Madame, avete tra le gambe uno strumento che può offrire piacere a migliaia di persone e tutto quello che sapete fare è grattarlo“, le parole di Sir Thomas Beecham rivolte ad una violoncellista, diventate poi un famoso aforisma. Non è il caso sicuramente della violoncellista 43enne di fama internazionale Ophélie Gaillard (data di nascita: 13 giugno 1974, Parigi, Francia), anzi lei lo suona benissimo il violoncello. La musicista ha però un problema ben più grave: le è stato rubato il violoncello venerdì dopo essere stata aggredita, con coltello alla gola, in banlieue di Parigi.

Il furto è avvenuto proprio sotto la sua abitazione, mentre la musicista faceva rientro al suo domicilio di Seine-Saint-Denis, a Pantin, a nord della capitale. Fin qui tutto sommato non ci sarebbe niente di particolarmente strano. In realtà nella custodia, spiega Giovanni D’Agata, presidente dello “Sportello dei Diritti”, era presente una vera e propria opera d’arte.

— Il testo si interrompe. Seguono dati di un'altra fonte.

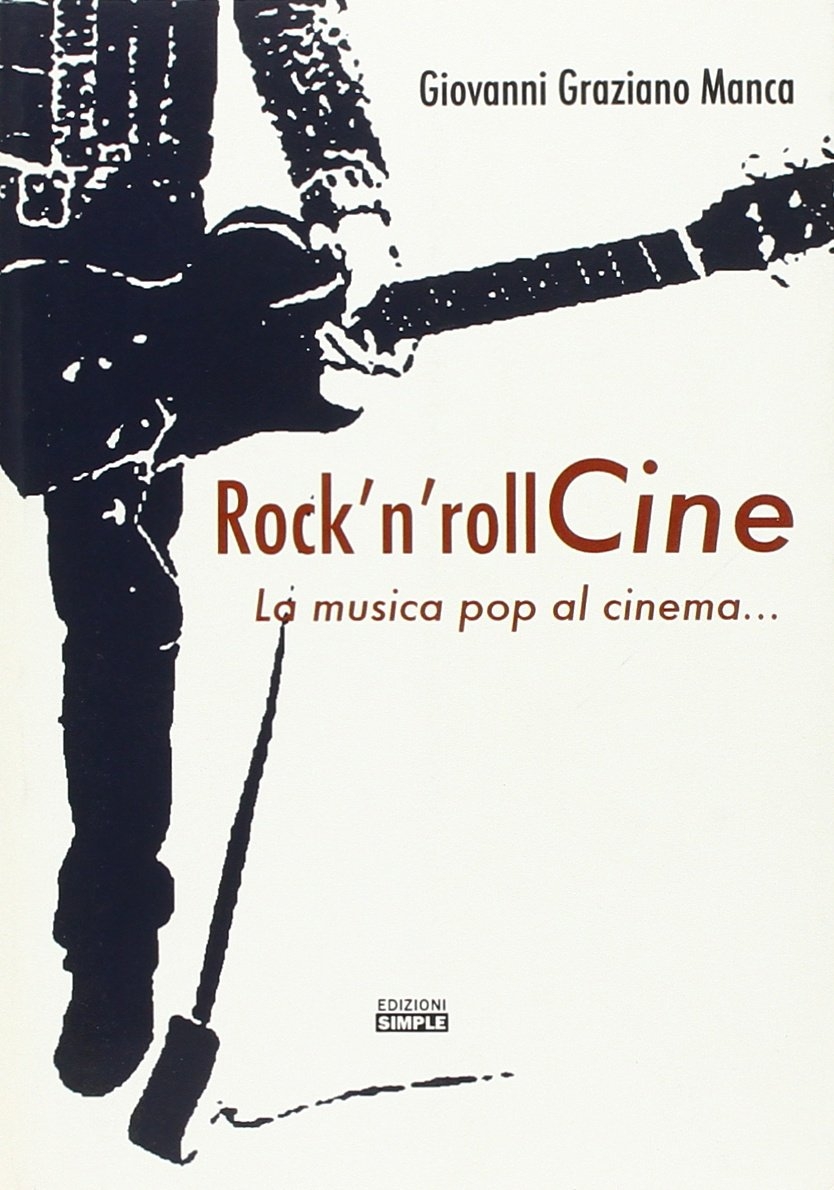 Rock'N Roll Cine. La Musica Pop al Cinema... Rock'N Roll Cine. La Musica Pop al Cinema...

Il violoncello, costruito nel 1737, era stato concesso in prestito alla Gaillard, rivelazione solista della più importante rassegna musicale di Francia, le Victoires de la Musique, nel 2003, dalla banca CIC.

Lo strumento del Settecento varrebbe oltre 1,3 milioni di euro.

Lo strumento musicale rappresenta un raro esemplare del liutaio italiano Francesco Goffriller, uno dei più importanti protagonisti della scuola veneziana di liuteria, nato nel 1691 e figlio dell’ancor più celebre liutaio Matteo.

I violini e i violoncelli di Goffriller non raggiungono la perfezione stilistica di quelli del padre, ma pur si caratterizzano fortemente. I materiali adoperati non sono sempre di elevata qualità, probabilmente per la difficoltà di reperire legni scelti e per la mancanza di concorrenza sul mercato udinese.

Gli strumenti dell’ultimo periodo sono generalmente considerati i migliori e hanno raggiunto quotazioni di vendita intorno al milione di dollari. Nel corso dei secoli i violini hanno rappresentato una vera e propria arte in tutta la penisola italiana.

Il violincello rubato alla concertista rappresenta uno degli esemplari al mondo delle creazioni del liutaio italiano, che con le sue mani ha creato notevoli violini. Il ladro, è probabilmente ignaro del valore dello strumento.